- **Your objective**
Using the data that follows, output only the lines from the line with "Traueranzeige von Albert" up to and including the line with "Paul Discoe, set", exactly, leaving pictures aside.

:: Data section ::

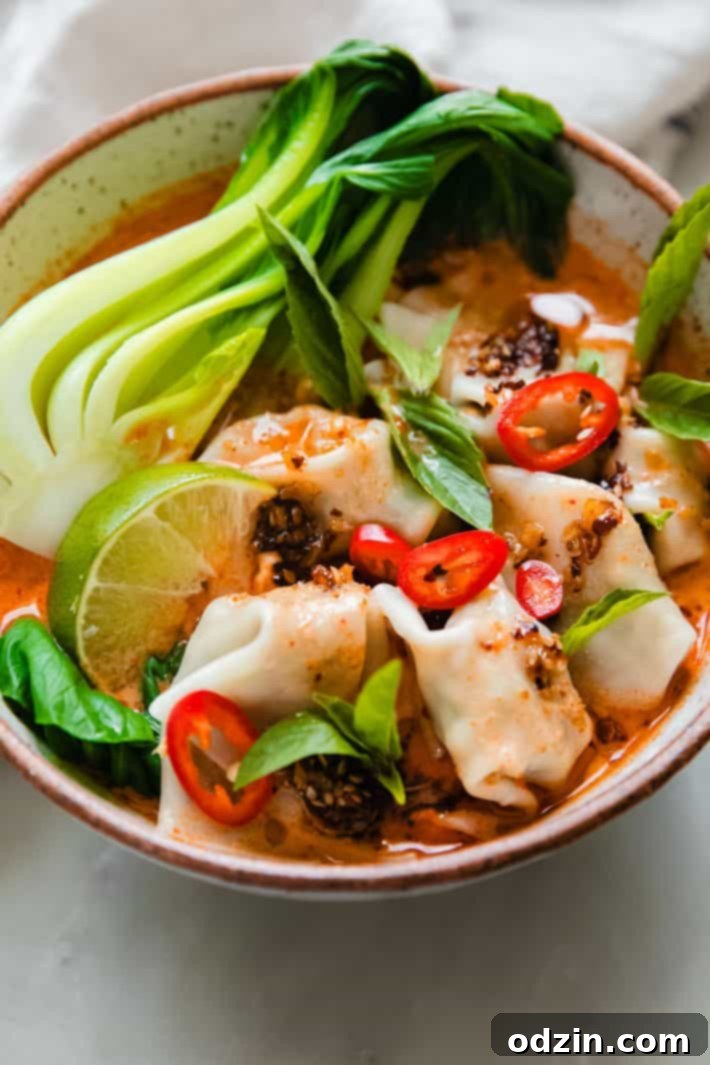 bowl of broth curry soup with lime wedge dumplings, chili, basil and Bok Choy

:::
:: Data section ::

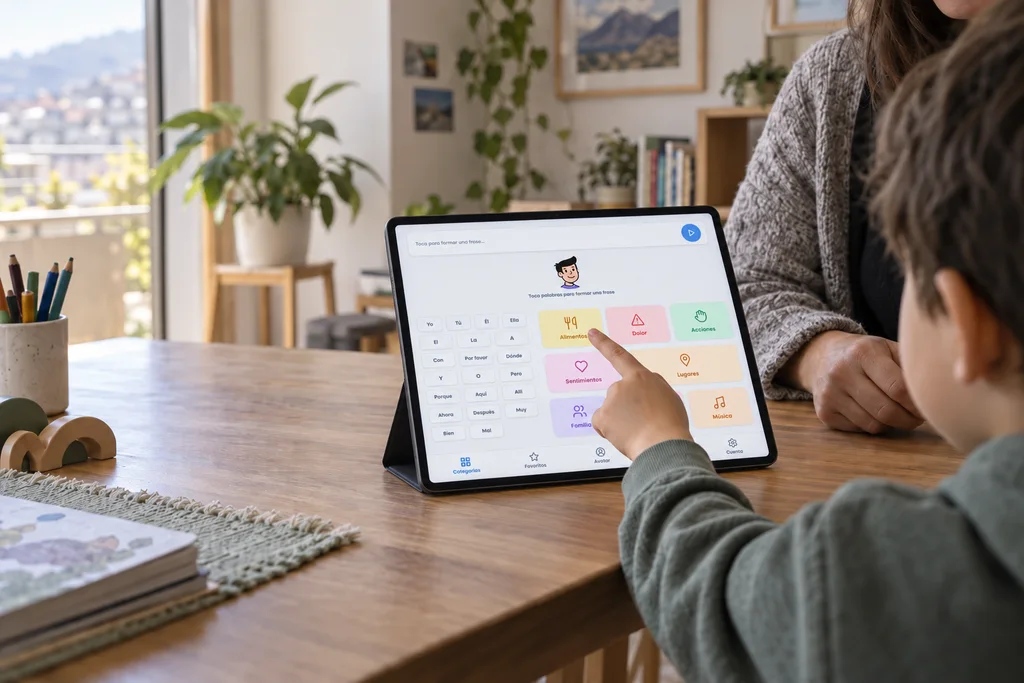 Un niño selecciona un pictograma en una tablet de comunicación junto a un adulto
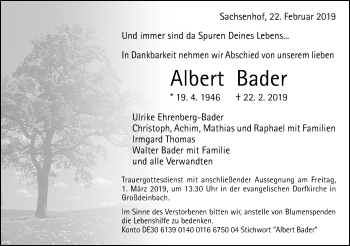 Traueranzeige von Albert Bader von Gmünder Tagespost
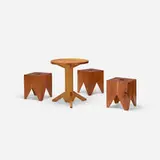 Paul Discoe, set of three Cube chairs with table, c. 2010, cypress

:::

- **Response to the task**
 Traueranzeige von Albert Bader von Gmünder Tagespost
 Paul Discoe, set of three Cube chairs with table, c. 2010, cypress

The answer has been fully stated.